The Ninth Circuit has recognized that a petitioner's separation from his file and transcripts may provide a basis for equitable tolling. See Ramirez v. Yates, 571 F.3d 993, 998 (9th Cir. 2009) (a complete lack of access to a legal file may constitute an extraordinary circumstance); United States v. Battles, 362 F.3d 1195, 1197 (9th Cir. 2004) (equitable tolling may be allowed if counsel withheld transcripts during limitations period). Here, Petitioner attaches to his opposition a letter from the Tulare County Superior Court, dated November 2, 2011, in which the court denied his request for transcripts. (Opp'n at 6.) While Petitioner may have lacked the court transcripts, it is unclear whether they were necessary in preparing his claims for review. Petitioner plead guilty to the crimes in question, accordingly no evidence was presented at trial. Moreover, the significant claims presented by Petitioner in his habeas petition are that his counsel was ineffective and that his plea was not knowing and voluntary. Evidence to support these claims is not likely to be contained in the trial record. While the Ninth Circuit has stated that a complete lack of access to a legal file may constitute an extraordinary circumstance, Petitioner was in possession of many investigation reports prepared by law enforcement and submitted them his federal petition. (See Pet. at 14-15, 34-57.) Petitioner has not made a sufficient showing that he was prevented from filing for habeas relief due to the lack of legal files during the duration of the statute of limitations period.

Accordingly, Petitioner is not entitled to the benefit of equitable tolling and his petition remains untimely.
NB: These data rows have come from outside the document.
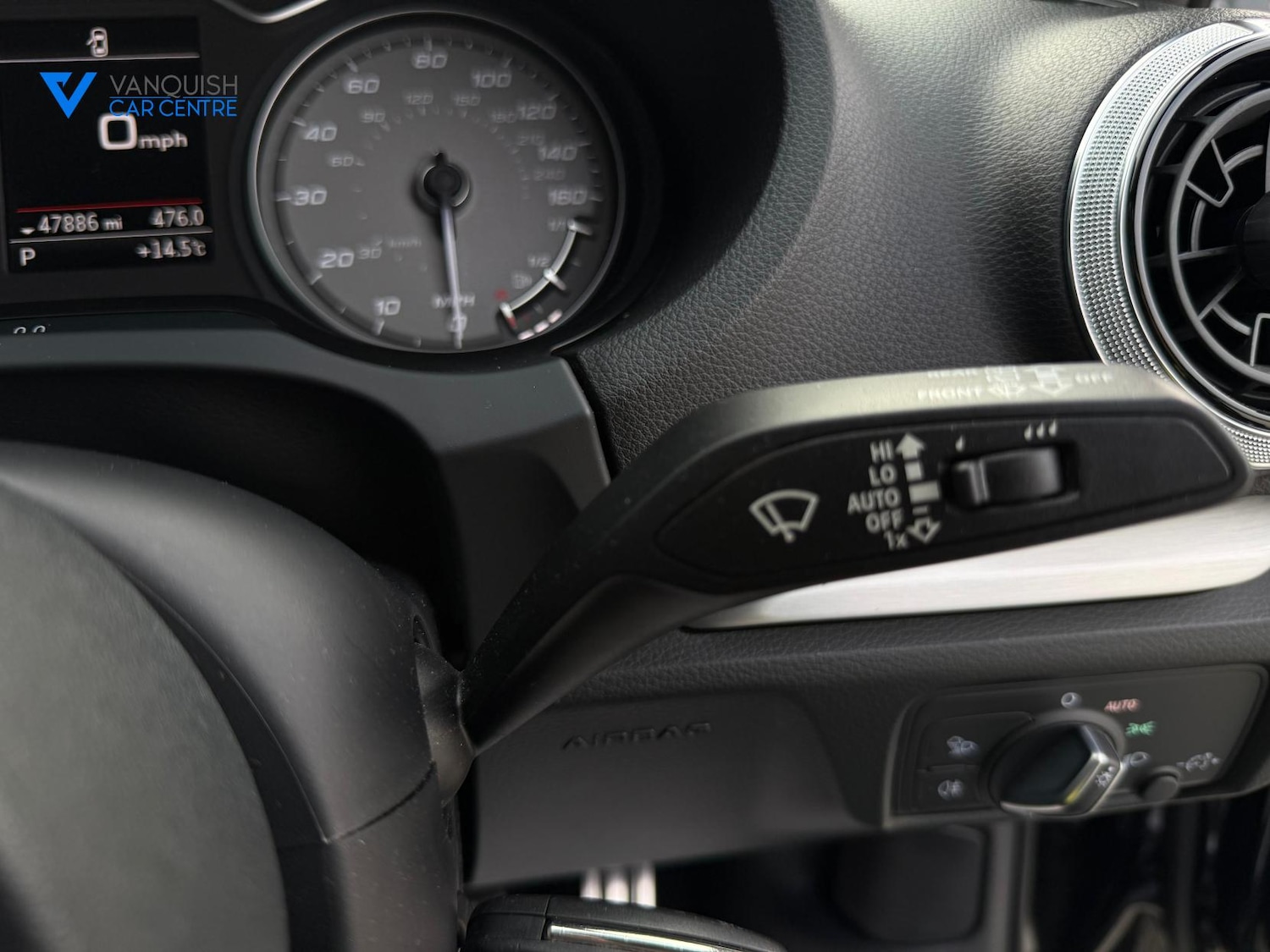 Used Audi A3 2018 for sale - 76945842: Photo 52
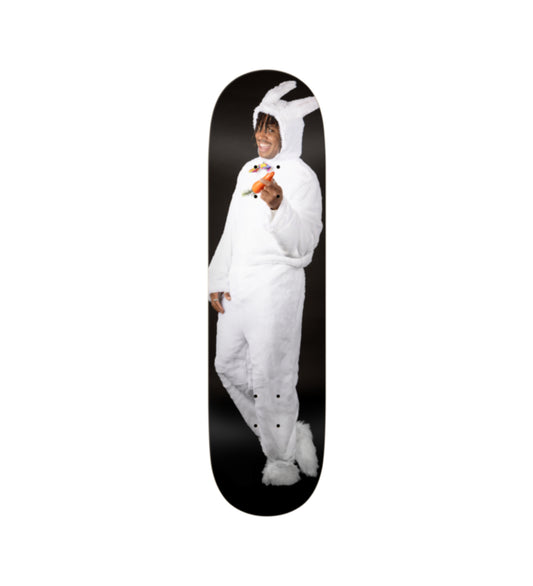 Bunny - Ishod Wair (Twin), Black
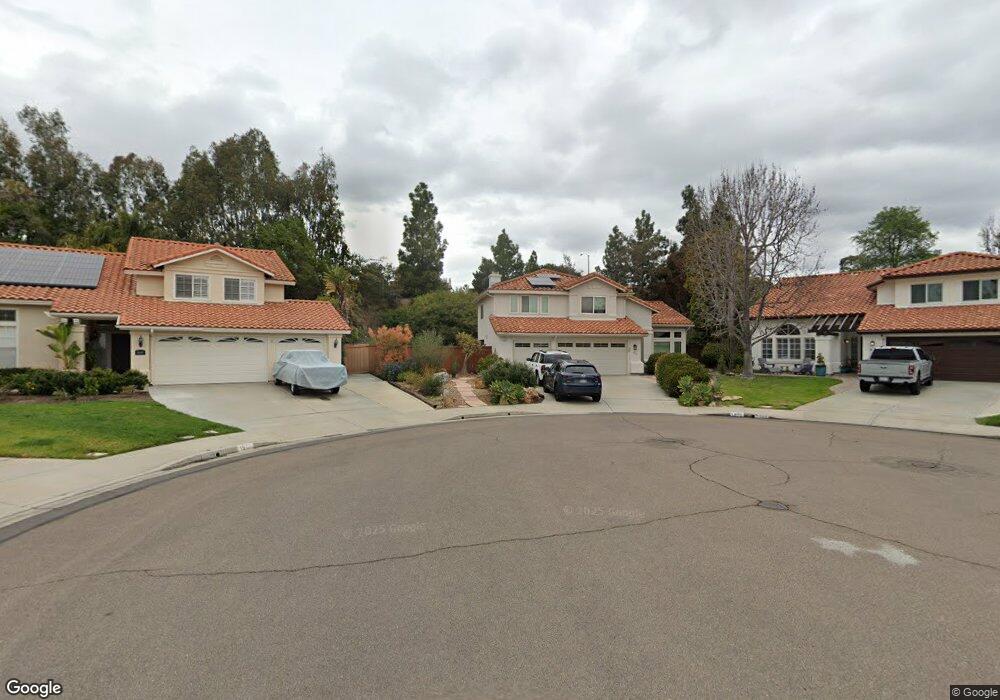 1870 Willowhaven Rd, Encinitas, CA 92024 - photo 1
III. FAILURE TO EXHAUST STATE REMEDIES

In his motion to dismiss, Respondent also argues that the petition should be dismissed for failure to exhaust state remedies. As the petition is untimely, the Court need not address whether the claims are exhausted.

IV. CONCLUSION

As explained above, Petitioner failed to file the instant petition for Habeas Corpus within the one year limitation period required by 28 U.S.C. § 2244(d). Petitioner was given the benefit of statutory tolling but not entitled to equitable tolling. Regardless, the petition remains untimely filed. Based on the foregoing, the Court grants Respondent's motion to dismiss.

V. ORDER

Accordingly, IT IS HEREBY ORDERED that:

1. Respondent's Motion to Dismiss (Doc. 11) is GRANTED; 2. The Petition for Writ of Habeas Corpus is DISMISSED with prejudice as untimely; and 3. The Court DECLINES to issue a Certificate of Appealability. 28 U.S.C. § 2253(c); Slack v. McDaniel, 529 U.S. 473, 484 (2000) (in order to obtain a COA, petitioner must show: (1) that jurists of reason would find it debatable whether the petition stated a valid claim of a denial of a constitutional right; and (2) that jurists of reason would find it debatable whether the district court was correct in its procedural ruling. Slack, 529 U.S. 484. In the present case, jurists of reason would not find debatable whether the petition was properly dismissed with prejudice as time-barred under 28 U.S.C. § 2244(d)(1). Petitioner has not made the required substantial showing of the denial of a constitutional right.

IT IS SO ORDERED.

FootNotes


1. Under the mailbox rule, the Court deems petitions filed on the date Petitioner handed a petition to prison authorities for mailing. Houston v. Lack, 487 U.S. 266, 276, 108 S.Ct. 2379, 2385, 101 L. Ed. 2d 245 (1988); Hernandez v. Spearman, 2014 U.S. App. LEXIS 16252 (9th Cir. Aug. 22, 2014); see also Rule 3(d) of the Rules Governing Section 2254 Cases. Here, Petitioner signed the petition on December 6, 2011. Accordingly, the Court shall consider the petition filed on that date, rather than December 9, 2011, the date it was received.
2. Petitioner signed the petition on March 15, 2012. Accordingly, the Court shall consider the petition filed on that date, rather than March 20, 2012, the date it was received.
3. Petitioner did not provide the date of mailing for this petition. Accordingly, Petitioner is not entitled to an earlier filing date.
4. Petitioner signed the petition on February 14, 2013. Accordingly, the Court shall consider the petition filed on that date, rather than February 23, 2013, the date it was received.
5. Petitioner did not provide the date of mailing for this petition. Accordingly, Petitioner is not entitled to an earlier filing date.